Q. You are seven years removed from walking hallways just like them. How does being able to relate impact your coaching philosophy?

A. Well, I think it helps and it’s definitely the strength I like to lean into. I like to joke with them that I am just as big of a kid as they are. But right now it is really easy for me to remember a lot of the feelings I had and remember a lot of the struggles and successes that I had to go through. I think that is something that will always be there. I can just as easily pull back on something I did in elementary school football as I did at FSU. And it is not like I am just going to run away from that now that I am coaching. That, to me, is how I get my style. How I get that drive. The feelings that I had, in finding success through difficulties, in going through the hard stuff. Just being able to do that now, so early, I think is just going to set the base and set the platform moving forward. It is going to make, kind of, the way that I love my players and the way that I pull for them, just that much stronger.

Q. Was coaching your desire as a profession?

A. It really wasn’t at first.
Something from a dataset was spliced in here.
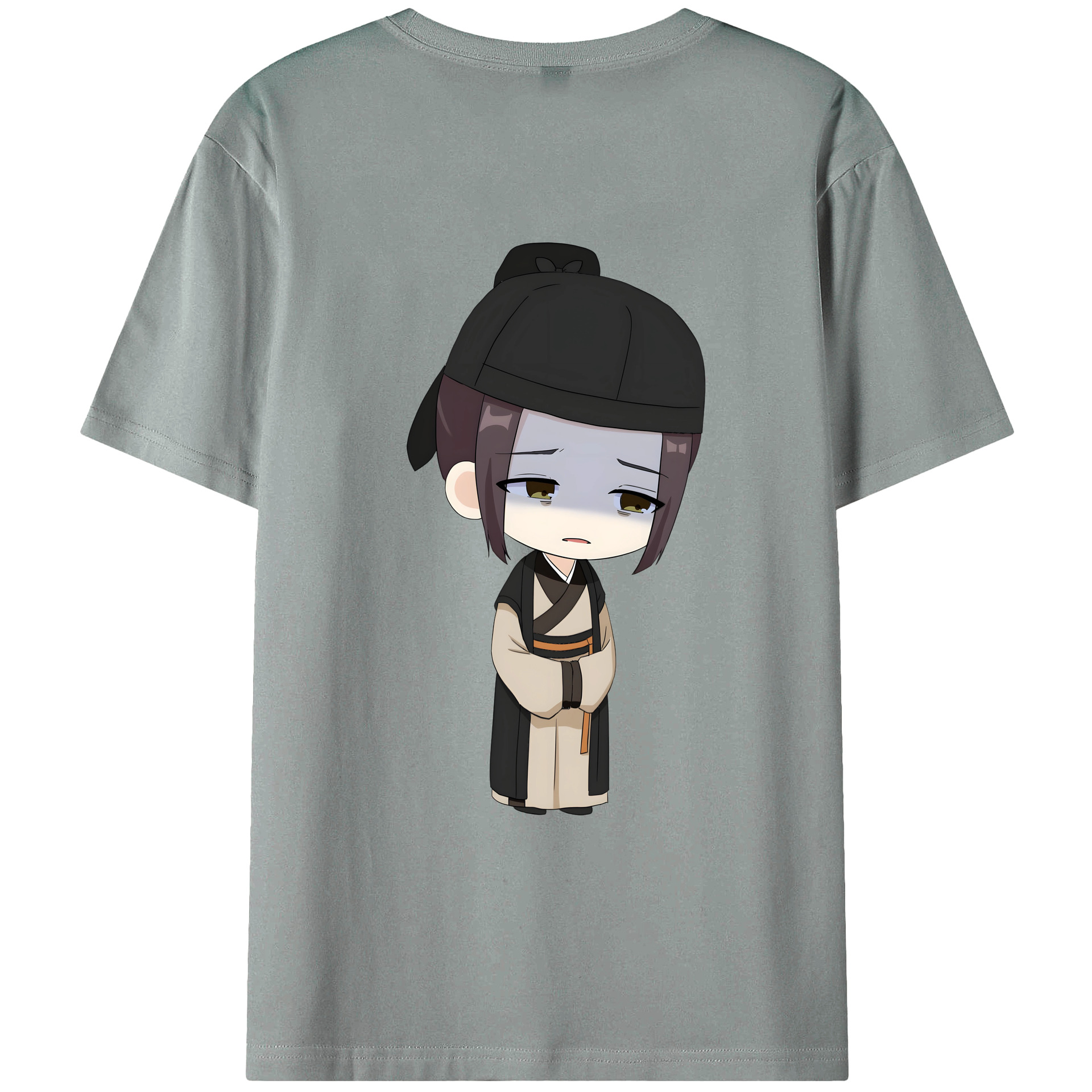 （画像用） 薬屋のひとりごと The Apothecary Diaries 綿100％ メンズ半袖Tシャツ（バックプリント） 通気性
Jokingly, I was always saying I should coach. I grew up at coaching camps with my dad, who is a baseball coach. I grew up helping out at football camps. Graduating school, I went into sales because I thought it would be great to deal with people and build relationships with people. But the more I spend time with students at church and camps, I realized that was the way I wanted to connect with people. And so that was really where God put on my heart that I needed to go into education and coaching. I just jumped all in with both feet and said this is where I have strength and this is where I want to impact people.
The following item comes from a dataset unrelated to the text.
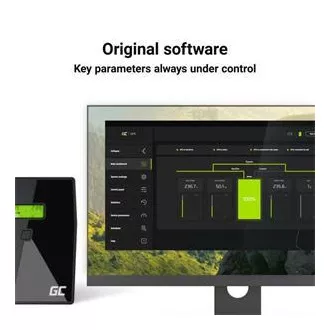 Green Cell UPS za rack RTII 3000VA 2700W z LCD zaslonom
Q. What did you learn at FSU under Jimbo Fisher?

A. The biggest thing that I learned was that taking care of the little things will make the big things seem smaller. We stressed over and over that you need to be able to perform when tired. Everything we did in the weight room or the practice field, you have to be able to take care of those little things even when everything is hitting the fan. He would always say, “When pressure comes, habits rise to the surface.”  I want to bring that, and I have tried to share that with my guys. You can’t just waltz through and expect to be successful. You have to go out there and do your job on each and every rep, each and every play. And in doing so, and everyone doing their job, the team will be successful. So getting to compete against and with some of the best players in the country, guys playing on Sunday. Getting to learn from some of the best coaches in the country, I just tried to absorb as much that they taught me. I am just trying to relay that now to kids who are very young in football, to kids who don’t have a foundation to fall back on. Just teaching it from the get go that everything is building toward something else.
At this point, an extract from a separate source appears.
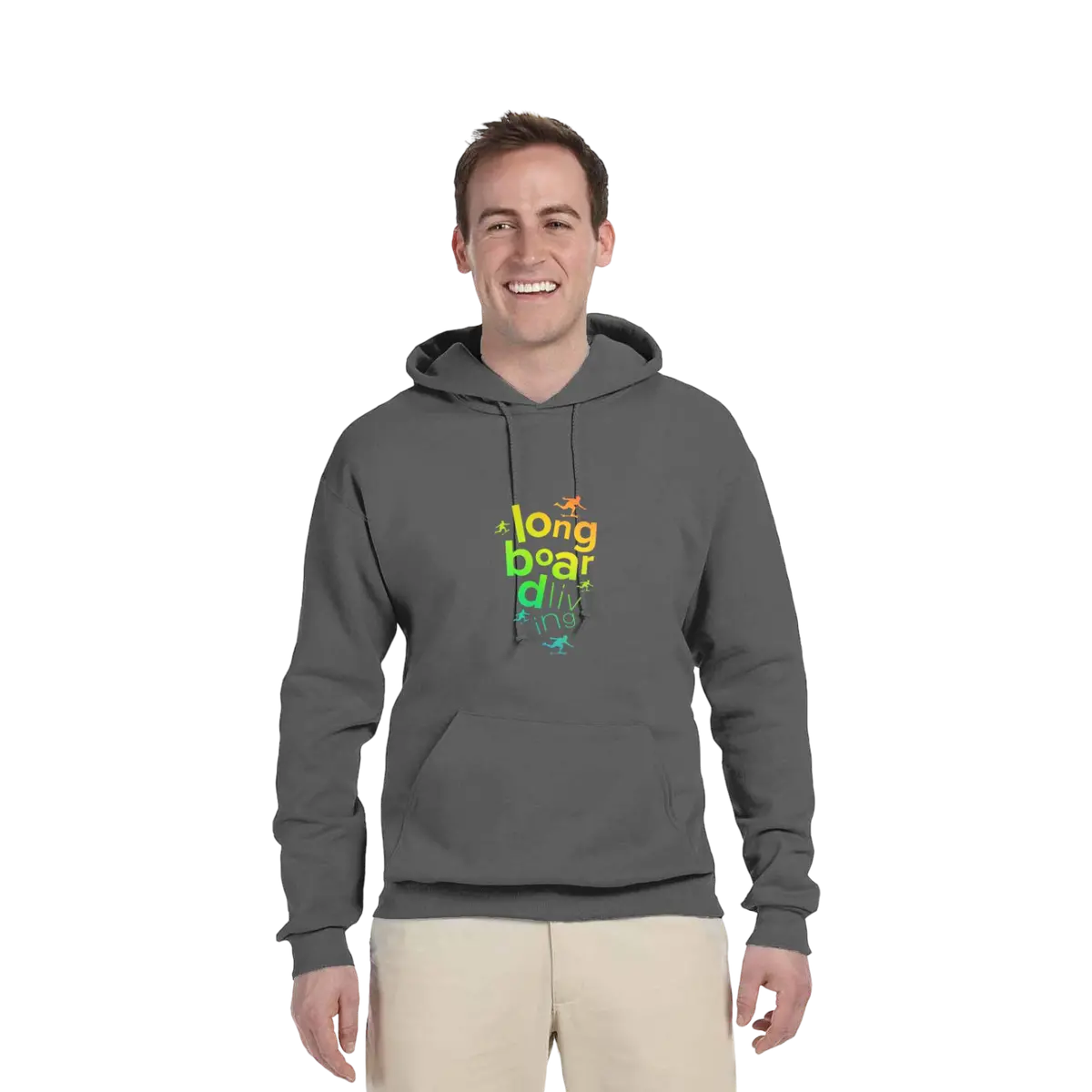 Longboard Living Hoodie - Monogram Spectrum 1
Q. Describe the relationship with the Providence fan base.

A. Well, I love walking through the high school hallways and just hugging on kids and high-fiving guys. Just connecting with them. When they made the announcement, just the excitement from the teachers and the students, and even the families, was unbelievable. I really didn’t do it with coaching in mind; I did it because I want to be someone that these people and kids can lean into. To feel the immediate reaction and celebration has really made me feel like we can do this. To get the support from the administration and other coaches has really been a big push for me to say, “OK, let’s move forward and make a run.” My heart is always going to be to love everyone as hard as I can. My heart is to be able to share what God has given me and the experiences he has given me. To take young men and teach them what it is like to be someone who stands for something, who fights for something. The love and support brings so much excitement on Friday nights, but the work will be done Monday to Thursday. We are going to get after it. We are going to work hard. We are going to compete. We are going to do it the Providence way by glorifying God in everything that we do.